Getting Started with XQuery
March 2, 2005
Although the W3C's XQuery language for querying XML data sources is still in Working Draft status, the recent XML 2004 conference showed that there's already plenty of interest and many implementations. While the Saxon implementation may not scale up as much as the disk-based versions that use persistent indexes and other traditional database features, you can download the free version of Saxon, install it, and use XQuery so quickly that it's a great way to start playing with the language in order to learn about what this new standard can offer you.
Running a Query
Let's start with a toy example that demonstrates how to tell Saxon which query
to run against which XML, and then we'll move on to examples that show useful queries
run
against real XML data. For our first two queries, we'll use the following document,
which is
named data1.xml
:
<doc> <p>this is a sample file</p> <p>this p has <emph>inline</emph> markup</p> </doc>
When run from a command line, the following tells Saxon to run the query shown and to send the result to standard output. As with XSLT, the curly braces enclose an expression to be evaluated and replaced by the result of the evaluation. Unlike XSLT, curly braces can be nested in XQuery queries as they get more complex. In this particular case, the curly braces have more to do with the Saxon implementation than XQuery syntax, because they indicate to Saxon that the enclosed string is an actual query and not some other command line option.

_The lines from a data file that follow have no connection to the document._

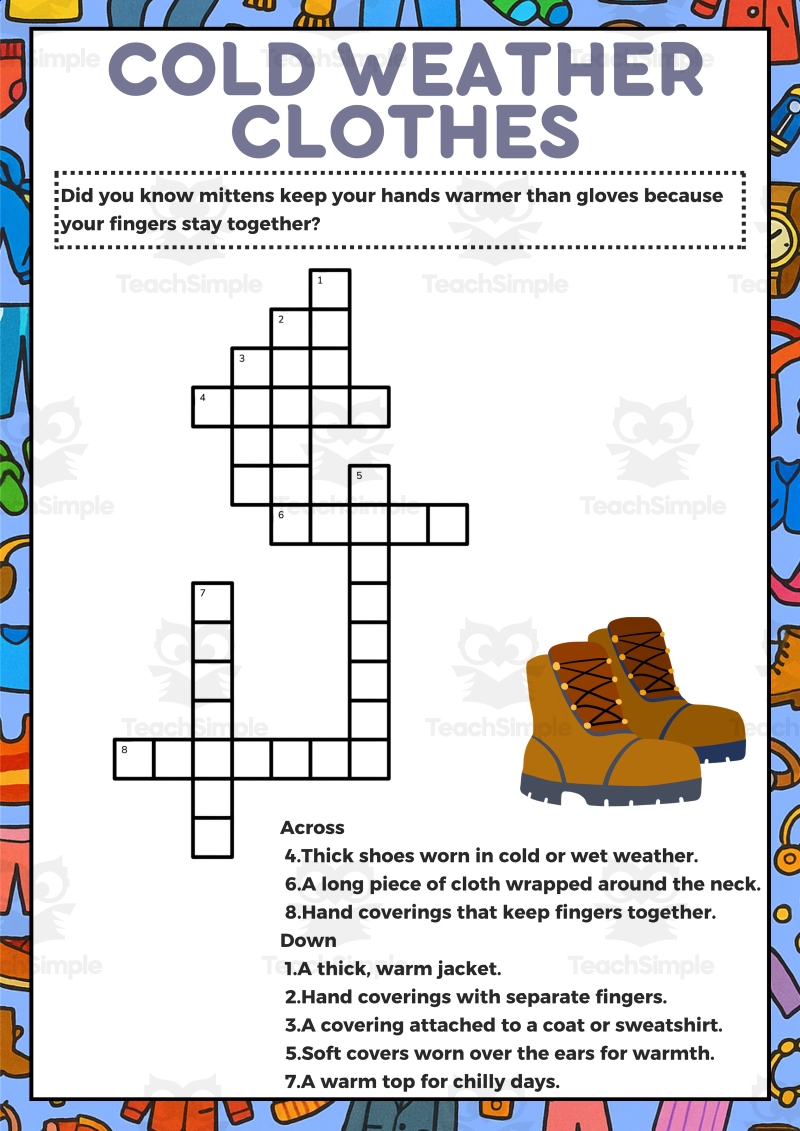 Clothes Crosswords PDF By Teach Simple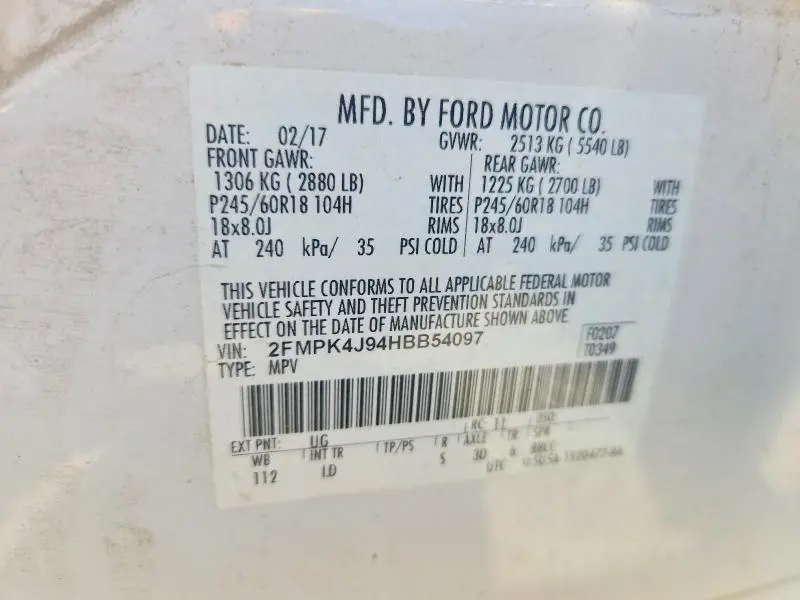 2017 FORD EDGE   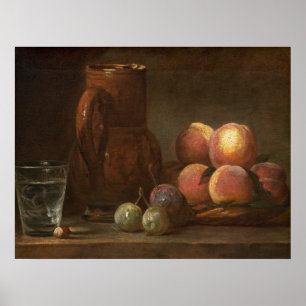Fruit, Jug & Glass - Jean-Siméon Chardin Fine Art Poster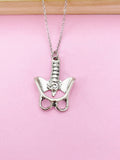 Silver Anatomy Pelvis Charm Necklace, Silver Human Anatomical Spine Charm, Anatomical Charm, Personalized Gift, Doctor Gif, Nurse Gift, N283
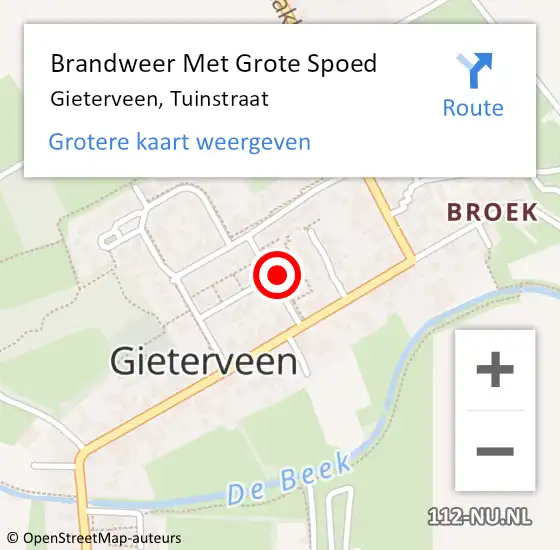 Locatie op kaart van de 112 melding: Brandweer Met Grote Spoed Naar Gieterveen, Tuinstraat op 27 februari 2023 08:52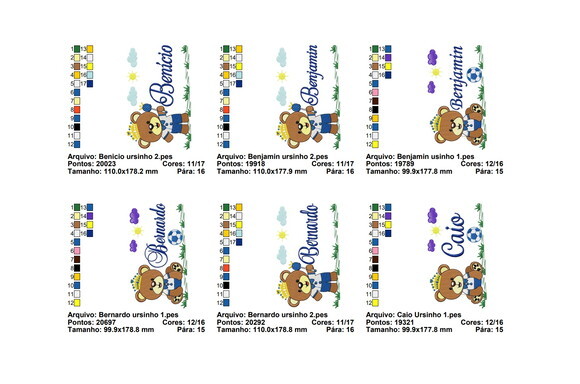 Matriz Bordados Ursinhos com Nomes Infantil - Formato Pes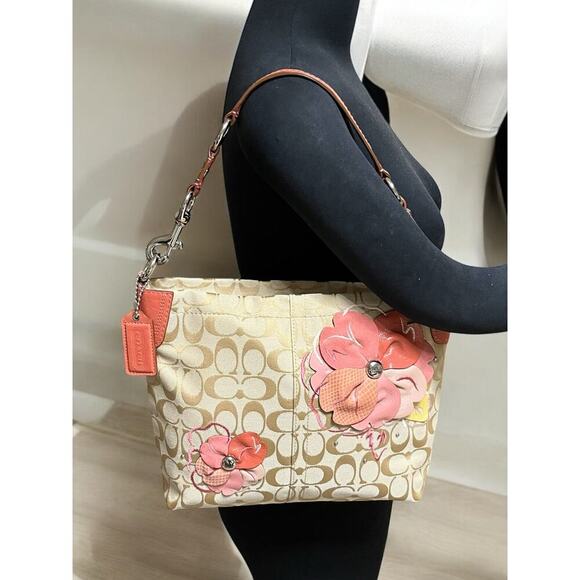 Y2K Coach F16879 Signature Floral Carly Hobo Bag & Corner Zip Wallet - Picture 10 of 13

java net.sf.saxon.Query {doc('data1.xml')//p[emph]}
(On a Linux machine, I also had to put quotation marks around the expression
with curly braces.) This query asks for the p
elements in the
data1.xml
file that have an emph
child element. Saxon's XQuery
processor responds with the following:
<?xml version="1.0" encoding="UTF-8"?> <p>this p has <emph>inline</emph> markup</p>
(In the remaining examples, I'll omit the XML declaration from the output.) A
query doesn't have to be much more complex than this one before it's too long to fit
on a
command line, so Saxon can accept a query stored in a text file. To demonstrate, I
put the
query above into its own file, called query1.xqy
, without the curly braces from
above that told Saxon the role of that string on the command line:
(: Here is an XQuery comment. :) doc('data1.xml')//p[emph]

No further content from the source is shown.